Last fall, as a Blair senior, under the tutelage of another teacher, Dora Gonzalez, Meaghan and her friend Natasha Prados came up with an idea that, even for a school with a cutting-edge reputation, was pioneering. She says, "We felt there ought to be a Spanish version of the on-line Silver Chips," the web-based daily newspaper for which she is the managing editor. In addition to translating articles from English she has been writing articles that are original to the Spanish edition "and that pertain to the Hispanic community, for example, Latinos in politics and family separation due to immigration."

She adds, "It was a struggle at first.
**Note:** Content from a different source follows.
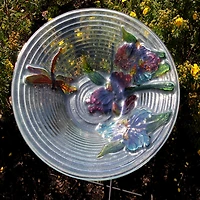 21" Hand Painted Glass Dragonfly and Flower Spring Outdoor Bird Bath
It was a struggle to gain an appreciation for what we were doing."

On April 25 any lack of appreciation officially came to an end. The Hispanic Heritage Foundation, at its 10 th annual awards ceremony, awarded Meaghan a silver medallion and a $2,000 grant toward her college bills at the University of Maryland. "Meaghan is soaring now!" says her mom. "Okay, I am starting to cry! I am so proud."

Comings & Goings

This image of Zeese's arrest was taken from YouTube.

• Kevin Zeese, the 51-year-old Takoma Park political crusader who ran last year for the U. S. Senate on the Green Party ticket, left town briefly on April 26 for the confines of police custody. He was arrested in the atrium of the Hart Senate Office Building at an anti-war protest that included a solemn funeral-like ceremony with taps and a chaplain's prayers for the next U. S. soldier to die in Iraq. "I was urging the police to respect the funeral," he says.

• David Uhlmann and Virginia Murphy, stalwart organizers and coaches of Takoma Soccer for the past 12 years, will finish up their final season this spring before moving to Ann Arbor with their daughter Emily. David has been appointed the first director of the Environmental Law and Policy Program at the University of Michigan Law School.